在python model train里如何驯服野生log?

本文详细描述了如何在Python中使用logging模块记录模型训练过程的关键信息,包括性能指标(如loss)、epoch进度、学习率变化等,并利用TensorBoard可视化训练曲线。通过定义Logger类和自定义print_log函数,确保了训练日志的完整性和可追踪性。
摘要由CSDN通过智能技术生成

关键词pythonepochlosslog

🤖: 记录模型的训练过程的步骤如下:

  1. 导入logging模块。
  2. 配置日志记录器,设置日志文件名、日志级别、日志格式等。
  3. 在每个epoch结束时,使用logging模块记录性能指标、损失值、准确率等信息。
  4. 在训练过程中,记录其他重要信息,比如学习率的变化、每个batch的损失值等。
  5. 日志记录的信息可以帮助你更好地理解模型的训练过程,以及在后续分析和调试中提供有用的信息。

一、定义logger类

1. util里定义Logger

class Logger(object):
    """
    Write console output to external text file.
    Code imported from https://github.com/Cysu/open-reid/blob/master/reid/utils/logging.py.
    """
    def __init__(self, fpath=None):
        self.console = sys.stdout
        self.file = None
        if fpath is not None:
            self.file = open(fpath, 'a')

    def __del__(self):
        self.close()

    def __enter__(self):
        pass

    def __exit__(self, *args):
        self.close()

    def write(self, msg):
        self.console.write(msg+'\n')
        if self.file is not None:
            self.file.write(msg+'\n')

    def flush(self):
        self.console.flush()
        if self.file is not None:
            self.file.flush()
            os.fsync(self.file.fileno())

    def close(self):
        self.console.close()
        if self.file is not None:
            self.file.close()

2. train里调用

log_path = pjoin('./result', 'train', args.city, f'{args.tinterval}')
logger = util.Logger(pjoin(log_path, 'test.log'))
logger.write(f'\nTesting configs: {args}')
# use tensorboard to draw the curves.
train_writer = SummaryWriter(pjoin('./result', 'train', args.city, f'{args.tinterval}'))
val_writer = SummaryWriter(pjoin('./result', 'val', args.city, f'{args.tinterval}'))

logger.write(“文本提示”)

    logger.write("start training...")
  • best id
  • loss
  • {变量: 格式d/f}
  • 占位符:03d是一个格式化字符串,其中的0表示用0来填充空位,3表示总共占据3位,d表示这是一个十进制整数。因此,当i的值小于100时,会用0来填充,确保输出的字符串总共占据3位。
        if i%args.print_every == 0:
            logger.write(f'Epoch: {i:03d}, MAE: {mtrain_mae:.2f}, RMSE: {mtrain_rmse:.2f}, MAPE: {mtrain_mape:.2f}, Valid MAE: {mvalid_mae:.2f}, RMSE: {mvalid_rmse:.2f}, MAPE: {mvalid_mape:.2f}')
        torch.save(engine.model.state_dict(), save_path+"_epoch_"+str(i)+"_"+str(round(mvalid_mae,2))+".pth")

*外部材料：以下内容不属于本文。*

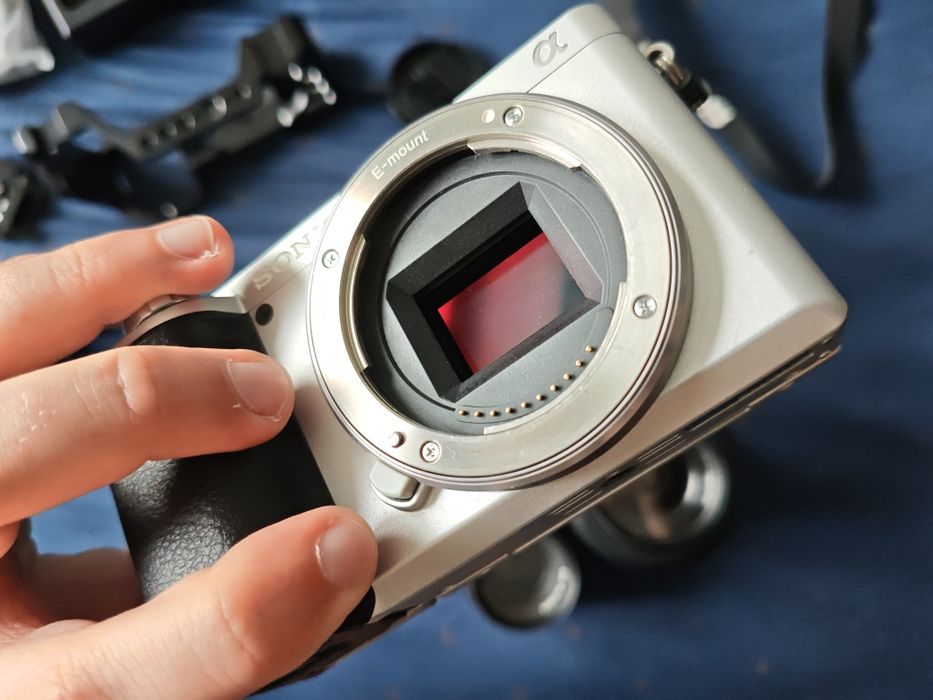 Sony a6100 + 5 obiective si accesorii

    logger.write("Average Training Time: {:.4f} secs/epoch".format(np.mean(train_time)))
        bestid = np.argmin(his_loss)
    engine.model.load_state_dict(torch.load(save_path+"_epoch_"+str(bestid+1)+"_"+str(round(his_loss[bestid],2))+".pth"))

    logger.write("Training finished")
    logger.write(f"The valid loss on best model is {str(round(his_loss[bestid],4))}")

二、自定义print log

def print_log(*values, log=None, end="\n"):
    print(*values, end=end)
    if log:
        if isinstance(log, str):
            log = open(log, "a")
        print(*values, file=log, end=end)
        log.flush()

1. 初始化日志文件

  1. 记录时间
  2. 保存路径
  3. 文件名称
    # ------------------------------- make log file ------------------------------ #
    now = datetime.datetime.now().strftime("%Y-%m-%d-%H-%M-%S")
    log_path = f"../logs/"
    if not os.path.exists(log_path):
        os.makedirs(log_path)
    log = os.path.join(log_path, f"{model_name}-{dataset}-{now}.log")
    log = open(log, "a")
    log.seek(0)
    log.truncate()

2. 模型记录epoch

    # --------------------------- train and test model --------------------------- #

   print_log(f"Loss: {criterion._get_name()}", log=log)
   print_log(log=log)

   model = train(
       model,
       trainset_loader,
       valset_loader,
       optimizer,
       scheduler,
       criterion,
       clip_grad=cfg.get("clip_grad"),
       max_epochs=cfg.get("max_epochs", 200),
       early_stop=cfg.get("early_stop", 10),
       verbose=1,
       log=log,
       save=save,
   )

   print_log(f"Saved Model: {save}", log=log)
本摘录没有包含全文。